### To do
Whatever lies between the line that holds "Cat and Indian" and the final line of the records below, both included, should be repeated exactly; leave out the pictures and add nothing.

◇ ◇ ◇ ◇

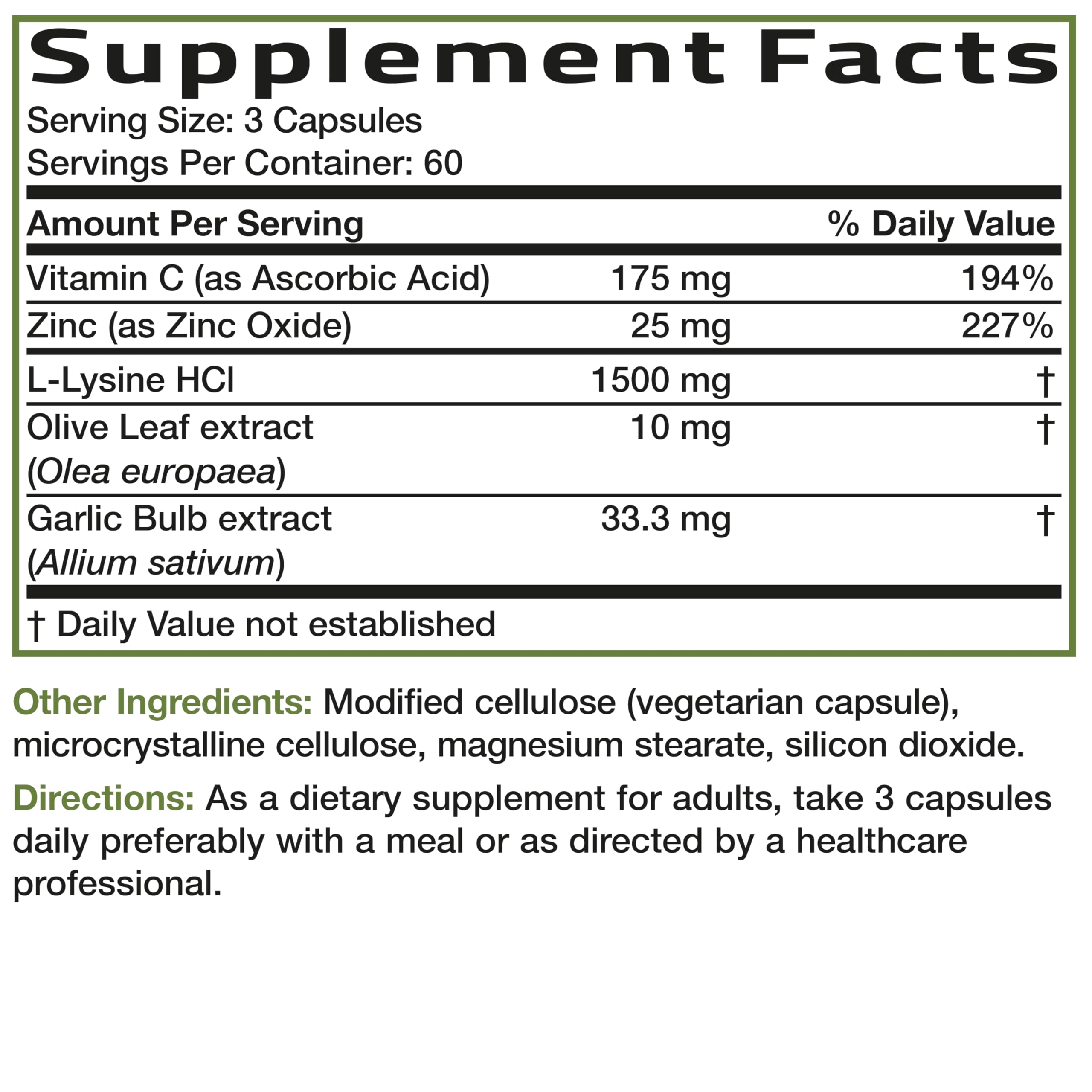 Bronson L-Lysine Defense – contenant vitamine C et zinc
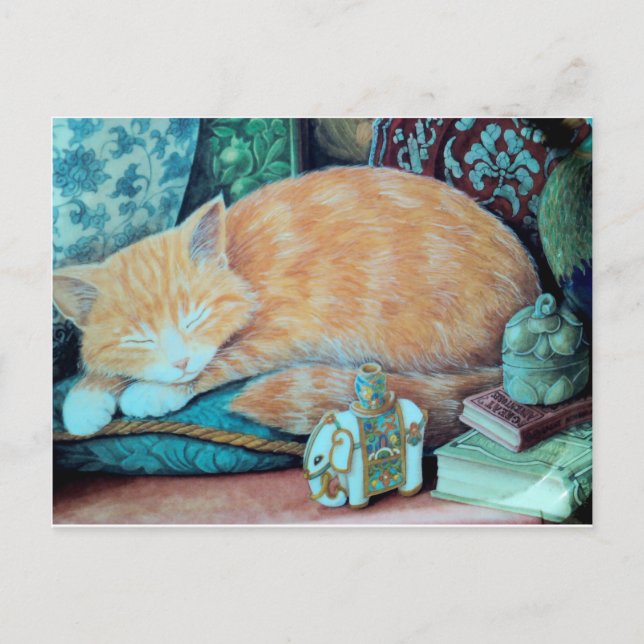 Cat and Indian Elephant Design Postcard (Front)
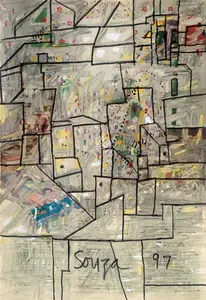 Souza, F.N. (Artist). Untitled (Houses), 1997 | Painting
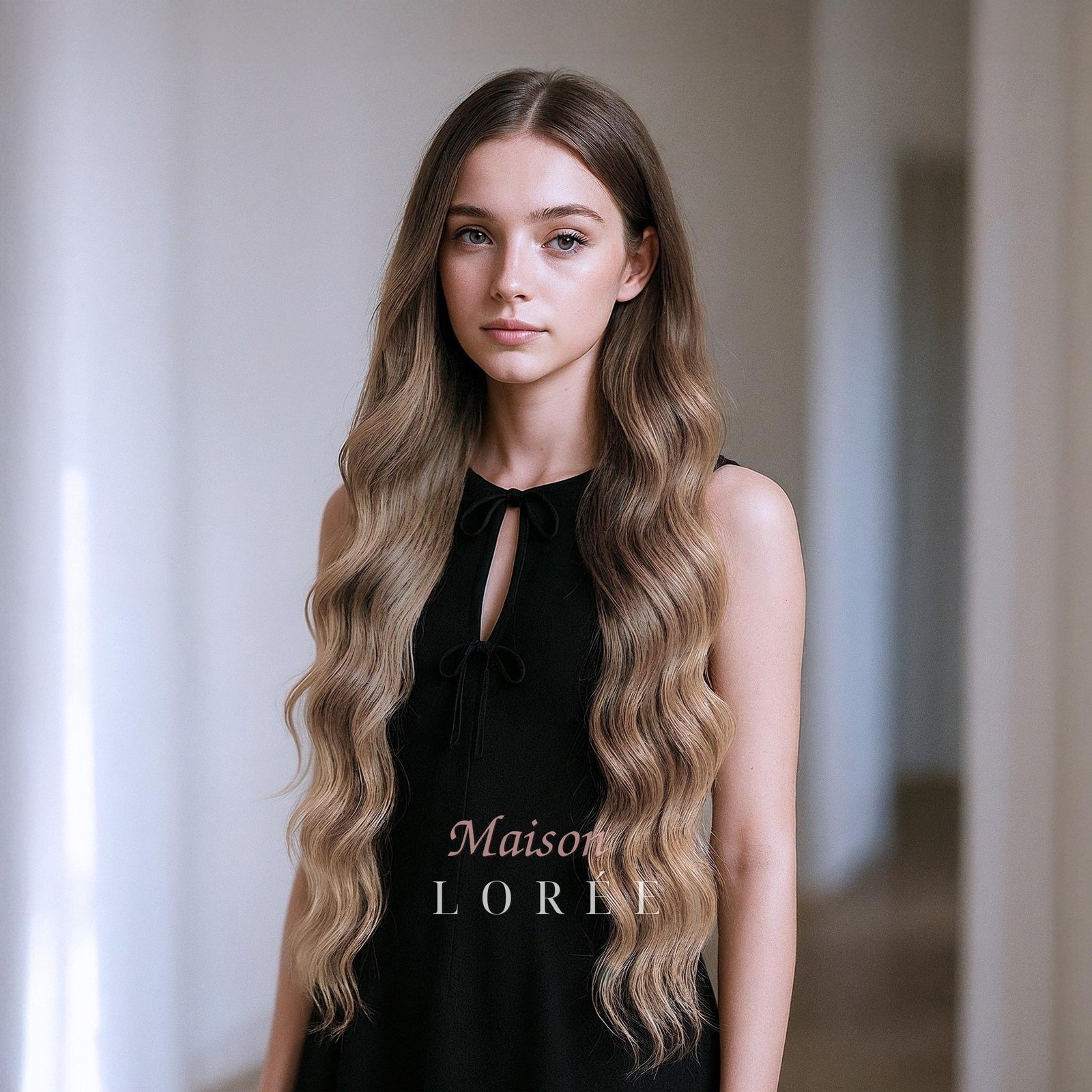 Petite perruque lace frontale ondulée brun ombré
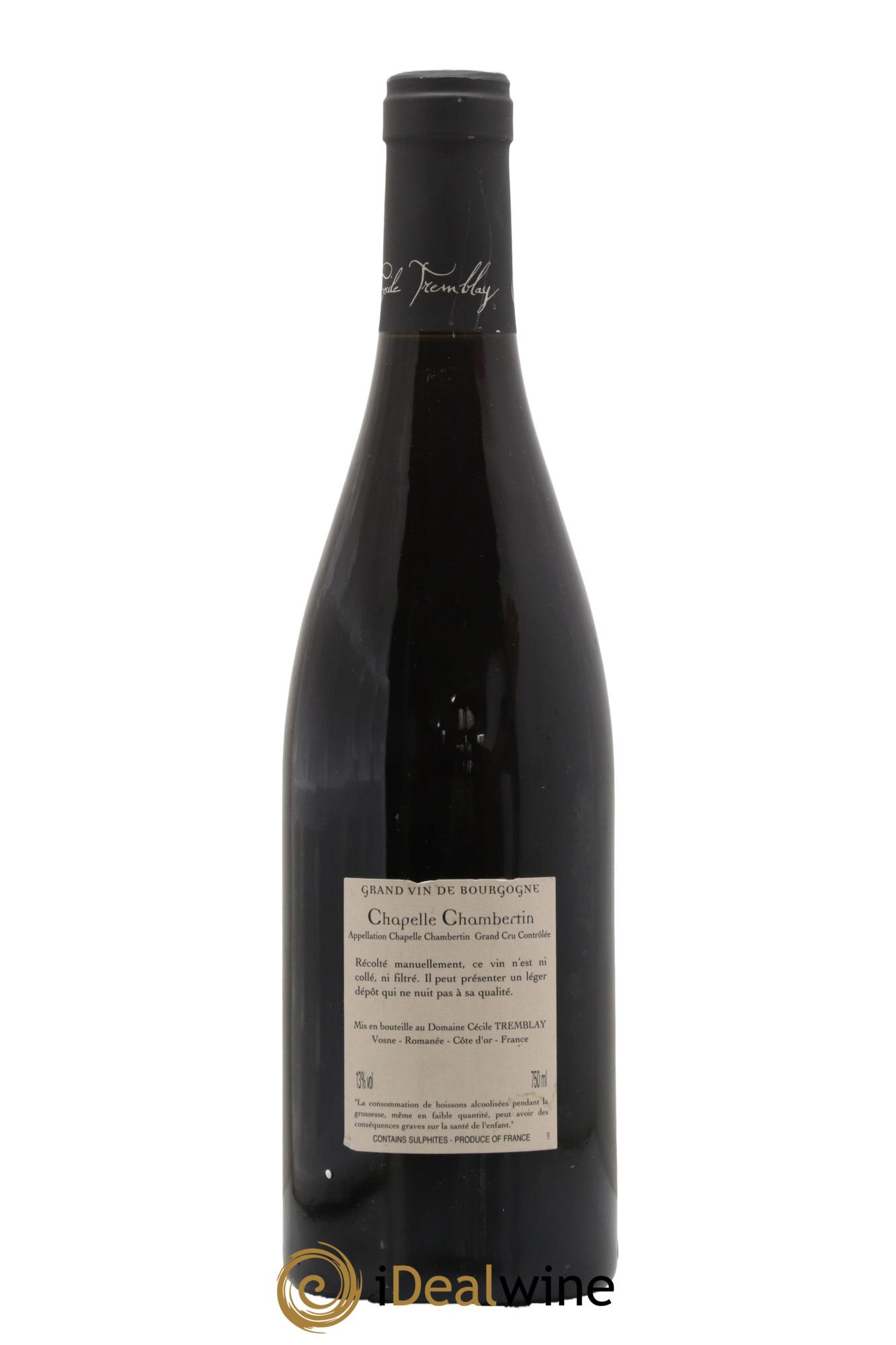 Chapelle-Chambertin Grand Cru Cécile Tremblay 2012 - Lot de 1 bouteille - 1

◇ ◇ ◇ ◇

### Answer space
 Cat and Indian Elephant Design Postcard (Front)
 Souza, F.N. (Artist). Untitled (Houses), 1997 | Painting
 Petite perruque lace frontale ondulée brun ombré
 Chapelle-Chambertin Grand Cru Cécile Tremblay 2012 - Lot de 1 bouteille - 1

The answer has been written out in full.